When I first met Steve Byrnes from 1517 Publishing, he kept telling me how I have to read this Chad Bird guy. I must admit I had never heard of Bird before. I later found I had come across a quote of his but he wasn't a name that I had particularly taken note of. Reading his devotional Unveiling Mercy: 365 Daily Devotions Based On Insights from the Old Testament Hebrew has totally changed that. I now stop to catch videos of his when I see them pass through my Facebook feed, listen to his "40 Minutes in the Old Testament" podcast, and hope at some point to get his book The Christ Key. To put it simply, Bird's book was the right kind of everything.

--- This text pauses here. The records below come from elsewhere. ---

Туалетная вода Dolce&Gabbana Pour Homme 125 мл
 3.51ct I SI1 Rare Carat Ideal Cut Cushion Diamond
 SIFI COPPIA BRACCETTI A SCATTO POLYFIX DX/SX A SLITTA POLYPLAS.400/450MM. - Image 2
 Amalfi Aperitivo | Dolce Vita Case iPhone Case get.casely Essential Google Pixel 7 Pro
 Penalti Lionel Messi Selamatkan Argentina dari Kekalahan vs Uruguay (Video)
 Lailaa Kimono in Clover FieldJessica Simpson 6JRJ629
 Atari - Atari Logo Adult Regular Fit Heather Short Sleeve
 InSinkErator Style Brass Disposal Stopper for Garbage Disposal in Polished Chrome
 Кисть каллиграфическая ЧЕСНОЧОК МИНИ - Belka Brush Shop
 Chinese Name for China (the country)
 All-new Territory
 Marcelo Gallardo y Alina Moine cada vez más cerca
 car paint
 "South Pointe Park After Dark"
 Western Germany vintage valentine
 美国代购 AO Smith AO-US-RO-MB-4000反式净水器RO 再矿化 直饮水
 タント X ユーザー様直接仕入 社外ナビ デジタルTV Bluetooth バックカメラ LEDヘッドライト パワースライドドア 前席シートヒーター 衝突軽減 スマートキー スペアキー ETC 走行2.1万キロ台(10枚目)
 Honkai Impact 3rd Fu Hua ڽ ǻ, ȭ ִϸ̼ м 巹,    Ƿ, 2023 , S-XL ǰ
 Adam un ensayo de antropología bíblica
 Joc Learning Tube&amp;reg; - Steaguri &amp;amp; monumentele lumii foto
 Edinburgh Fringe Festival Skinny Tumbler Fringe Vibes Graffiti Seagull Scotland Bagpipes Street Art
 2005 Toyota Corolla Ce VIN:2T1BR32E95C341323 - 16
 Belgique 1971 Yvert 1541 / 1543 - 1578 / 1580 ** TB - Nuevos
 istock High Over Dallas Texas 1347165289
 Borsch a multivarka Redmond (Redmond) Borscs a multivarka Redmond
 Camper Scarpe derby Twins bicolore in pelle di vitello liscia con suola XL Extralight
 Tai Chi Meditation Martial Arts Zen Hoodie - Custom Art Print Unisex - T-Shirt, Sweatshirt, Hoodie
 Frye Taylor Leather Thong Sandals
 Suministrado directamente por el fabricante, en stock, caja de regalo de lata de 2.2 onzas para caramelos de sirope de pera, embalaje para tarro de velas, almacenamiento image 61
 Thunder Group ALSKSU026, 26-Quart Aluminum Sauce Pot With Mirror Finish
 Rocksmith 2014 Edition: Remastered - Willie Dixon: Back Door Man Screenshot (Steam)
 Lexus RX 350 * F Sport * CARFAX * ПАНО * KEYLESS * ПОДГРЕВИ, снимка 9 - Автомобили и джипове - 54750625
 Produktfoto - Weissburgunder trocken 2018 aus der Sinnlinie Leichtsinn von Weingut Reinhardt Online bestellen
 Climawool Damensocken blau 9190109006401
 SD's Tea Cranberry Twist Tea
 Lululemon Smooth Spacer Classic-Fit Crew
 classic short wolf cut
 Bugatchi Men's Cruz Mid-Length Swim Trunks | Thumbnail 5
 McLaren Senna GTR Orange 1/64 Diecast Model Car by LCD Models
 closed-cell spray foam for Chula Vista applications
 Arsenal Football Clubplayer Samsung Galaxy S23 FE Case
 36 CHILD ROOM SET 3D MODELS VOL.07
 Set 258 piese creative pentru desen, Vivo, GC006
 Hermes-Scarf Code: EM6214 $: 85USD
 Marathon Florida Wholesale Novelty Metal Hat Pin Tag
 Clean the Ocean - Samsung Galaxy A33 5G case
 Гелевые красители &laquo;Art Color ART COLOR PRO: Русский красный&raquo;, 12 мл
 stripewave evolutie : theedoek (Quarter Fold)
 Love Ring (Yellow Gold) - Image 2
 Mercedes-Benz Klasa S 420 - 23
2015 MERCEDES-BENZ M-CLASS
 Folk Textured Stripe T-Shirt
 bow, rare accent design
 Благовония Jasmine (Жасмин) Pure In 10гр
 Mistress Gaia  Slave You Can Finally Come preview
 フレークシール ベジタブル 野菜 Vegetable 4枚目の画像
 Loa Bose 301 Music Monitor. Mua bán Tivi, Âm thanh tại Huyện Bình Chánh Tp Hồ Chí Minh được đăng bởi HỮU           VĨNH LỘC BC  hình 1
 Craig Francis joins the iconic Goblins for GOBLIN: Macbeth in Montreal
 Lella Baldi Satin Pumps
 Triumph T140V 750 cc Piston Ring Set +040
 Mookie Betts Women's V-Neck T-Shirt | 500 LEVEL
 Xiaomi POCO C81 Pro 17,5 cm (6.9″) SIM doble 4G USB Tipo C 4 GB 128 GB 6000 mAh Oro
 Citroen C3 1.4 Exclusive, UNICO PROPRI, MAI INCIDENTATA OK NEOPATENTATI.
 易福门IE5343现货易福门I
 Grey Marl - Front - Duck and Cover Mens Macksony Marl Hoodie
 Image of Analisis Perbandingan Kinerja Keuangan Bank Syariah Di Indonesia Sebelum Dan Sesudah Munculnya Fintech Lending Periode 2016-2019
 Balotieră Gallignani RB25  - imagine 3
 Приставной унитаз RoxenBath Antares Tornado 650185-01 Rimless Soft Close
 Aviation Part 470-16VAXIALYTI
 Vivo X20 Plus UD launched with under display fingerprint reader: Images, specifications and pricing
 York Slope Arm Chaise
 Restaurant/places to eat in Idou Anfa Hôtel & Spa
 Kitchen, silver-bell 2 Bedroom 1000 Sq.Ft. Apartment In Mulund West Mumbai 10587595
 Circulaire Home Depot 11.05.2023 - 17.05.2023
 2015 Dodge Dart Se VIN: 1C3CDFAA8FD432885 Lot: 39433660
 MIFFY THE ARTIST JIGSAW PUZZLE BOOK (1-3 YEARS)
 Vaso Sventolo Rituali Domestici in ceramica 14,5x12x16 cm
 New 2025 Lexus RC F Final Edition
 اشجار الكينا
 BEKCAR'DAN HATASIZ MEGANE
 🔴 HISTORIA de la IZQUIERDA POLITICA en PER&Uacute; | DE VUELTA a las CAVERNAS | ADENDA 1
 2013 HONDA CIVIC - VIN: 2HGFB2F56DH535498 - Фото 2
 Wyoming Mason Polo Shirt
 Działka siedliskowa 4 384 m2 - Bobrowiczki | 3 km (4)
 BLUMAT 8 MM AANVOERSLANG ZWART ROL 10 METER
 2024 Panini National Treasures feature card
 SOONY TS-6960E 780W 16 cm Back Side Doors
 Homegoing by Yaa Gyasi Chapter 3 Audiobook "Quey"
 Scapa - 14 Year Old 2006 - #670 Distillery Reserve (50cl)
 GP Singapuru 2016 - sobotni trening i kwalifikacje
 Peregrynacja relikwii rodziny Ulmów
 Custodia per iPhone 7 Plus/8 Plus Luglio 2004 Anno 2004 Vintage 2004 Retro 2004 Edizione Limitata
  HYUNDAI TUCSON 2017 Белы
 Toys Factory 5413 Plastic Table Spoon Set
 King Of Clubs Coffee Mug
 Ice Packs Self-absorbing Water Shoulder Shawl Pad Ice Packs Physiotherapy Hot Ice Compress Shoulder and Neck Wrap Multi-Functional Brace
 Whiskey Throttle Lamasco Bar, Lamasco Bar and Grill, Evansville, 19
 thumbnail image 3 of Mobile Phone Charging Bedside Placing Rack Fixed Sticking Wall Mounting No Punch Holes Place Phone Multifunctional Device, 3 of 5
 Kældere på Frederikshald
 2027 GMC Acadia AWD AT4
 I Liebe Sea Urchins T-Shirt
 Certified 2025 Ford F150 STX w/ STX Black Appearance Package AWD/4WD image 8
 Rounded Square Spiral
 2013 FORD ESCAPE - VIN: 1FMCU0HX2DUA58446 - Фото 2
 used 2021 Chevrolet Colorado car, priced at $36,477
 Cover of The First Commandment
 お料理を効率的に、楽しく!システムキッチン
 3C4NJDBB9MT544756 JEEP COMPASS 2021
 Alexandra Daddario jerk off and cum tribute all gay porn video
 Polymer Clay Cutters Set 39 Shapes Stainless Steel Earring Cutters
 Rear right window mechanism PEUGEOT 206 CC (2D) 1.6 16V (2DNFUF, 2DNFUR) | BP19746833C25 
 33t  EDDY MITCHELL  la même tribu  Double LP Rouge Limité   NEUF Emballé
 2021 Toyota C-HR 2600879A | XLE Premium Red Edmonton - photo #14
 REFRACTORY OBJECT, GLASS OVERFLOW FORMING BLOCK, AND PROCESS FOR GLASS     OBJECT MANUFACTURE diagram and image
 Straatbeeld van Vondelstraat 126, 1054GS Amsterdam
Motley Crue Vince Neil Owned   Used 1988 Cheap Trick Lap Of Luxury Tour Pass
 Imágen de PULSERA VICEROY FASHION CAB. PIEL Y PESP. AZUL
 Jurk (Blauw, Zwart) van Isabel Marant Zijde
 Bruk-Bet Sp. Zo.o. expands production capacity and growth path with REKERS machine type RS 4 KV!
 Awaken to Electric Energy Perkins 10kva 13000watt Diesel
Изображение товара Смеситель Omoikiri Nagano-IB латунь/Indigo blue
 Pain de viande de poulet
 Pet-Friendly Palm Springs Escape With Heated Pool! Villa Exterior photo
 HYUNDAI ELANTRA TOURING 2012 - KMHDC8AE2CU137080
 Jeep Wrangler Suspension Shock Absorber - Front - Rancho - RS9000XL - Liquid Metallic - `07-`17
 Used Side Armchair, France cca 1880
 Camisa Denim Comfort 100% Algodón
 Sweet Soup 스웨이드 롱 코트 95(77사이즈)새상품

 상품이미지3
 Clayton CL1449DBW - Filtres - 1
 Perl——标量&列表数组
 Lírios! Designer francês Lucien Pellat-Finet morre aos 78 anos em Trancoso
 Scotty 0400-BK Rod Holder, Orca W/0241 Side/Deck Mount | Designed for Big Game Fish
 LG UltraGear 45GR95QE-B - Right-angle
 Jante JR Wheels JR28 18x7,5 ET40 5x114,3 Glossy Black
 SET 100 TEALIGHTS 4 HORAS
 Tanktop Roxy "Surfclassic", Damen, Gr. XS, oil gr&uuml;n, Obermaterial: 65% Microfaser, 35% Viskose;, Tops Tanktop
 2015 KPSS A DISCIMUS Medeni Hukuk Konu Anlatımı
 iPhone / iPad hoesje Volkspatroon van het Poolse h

I believe language is important, but no one demonstrates this as well as Bird. In just about every devotion I read, I found the word study he offered enlightening. Yet the book is not heavy or anything. It is perfectly accessible to anyone all the while I always found it insightful and not too shallow. It deepens your biblical knowledge. I first used it for my church's weekly prayer pauses where we would read from a devotional, and eventually switched over to it for my own personal daily devotions as I enjoyed it so much.
The book is very well drawn out. Each devotion is ascetically pleasing to the eyes, easy to delineate between date, title of the devotion, Hebrew word, biblical text, and devotion itself. No page looked cluttered or busy. No devotion felt too long or drawn out. Along with showing the word in the Hebrew letters at the top, in the devotion itself he would transliterate it in italics so it was always clear one was encountering a Hebrew word. The devotion would often give background on the word such as its roots or where else it was used in scripture or its wider meaning. In each way one felt they had a better grasp on the devotional text at hand.
But the most important piece, what makes this such a good devotional and so highly recommended, was that every devotion ultimately moves towards Christ. Bird's Old Testament commentary is the most Christocentric devotional I've ever read. I love that about the book. It helps us truly understand Jesus as the heart of the Scripture, fights against the modern marcionistic tendency to divorce Jesus from the God of the Old Testament, and sheds new lights on both the devotional text at hand and Christ himself. This feature alone, even if it didn't have the wonderful word studies would make this devotional as evangelical (in the true sense of the word) as any and worth my recommendation.
Each devotion ends with a very brief prayer, sometimes from the scriptures themselves. The devotions would sometimes from one day to another be one texts rather close to one another, really enriching therefore some biblical texts as a whole.
I honestly have no critique of this book. I can't speak highly enough about it. People who want a Jesus-focused, enlightening, accessible daily devotional will likely do no better than this book. It earns my highest grade.